■ **PROMPT**
A single number is the answer: the count of lines in these records with "Blue" in them.

■ **Brief descriptive captions**
--------------------

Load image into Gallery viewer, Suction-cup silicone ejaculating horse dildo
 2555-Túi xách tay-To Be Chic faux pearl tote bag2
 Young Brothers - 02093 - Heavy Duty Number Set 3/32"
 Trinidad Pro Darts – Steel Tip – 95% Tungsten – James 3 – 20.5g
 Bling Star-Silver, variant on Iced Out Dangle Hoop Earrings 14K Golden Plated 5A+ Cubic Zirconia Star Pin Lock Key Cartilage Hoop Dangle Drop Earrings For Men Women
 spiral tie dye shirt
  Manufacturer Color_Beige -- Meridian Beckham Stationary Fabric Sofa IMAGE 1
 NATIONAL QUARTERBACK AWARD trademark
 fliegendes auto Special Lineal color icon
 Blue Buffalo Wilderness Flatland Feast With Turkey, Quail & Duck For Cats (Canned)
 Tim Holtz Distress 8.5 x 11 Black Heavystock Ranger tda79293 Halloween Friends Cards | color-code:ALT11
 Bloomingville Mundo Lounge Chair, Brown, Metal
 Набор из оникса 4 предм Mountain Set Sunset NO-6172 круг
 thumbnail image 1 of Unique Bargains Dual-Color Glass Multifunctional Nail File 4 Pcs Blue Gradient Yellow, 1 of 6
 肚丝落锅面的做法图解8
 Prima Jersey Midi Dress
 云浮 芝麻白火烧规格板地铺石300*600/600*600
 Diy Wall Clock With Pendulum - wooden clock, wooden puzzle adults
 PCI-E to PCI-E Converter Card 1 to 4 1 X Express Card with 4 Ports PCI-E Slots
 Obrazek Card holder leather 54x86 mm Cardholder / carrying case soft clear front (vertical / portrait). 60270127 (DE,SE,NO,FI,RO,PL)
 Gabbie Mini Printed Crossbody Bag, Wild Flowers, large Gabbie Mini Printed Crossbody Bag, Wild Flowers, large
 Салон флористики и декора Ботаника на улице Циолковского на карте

--------------------

■ **YOUR SOLUTION**
2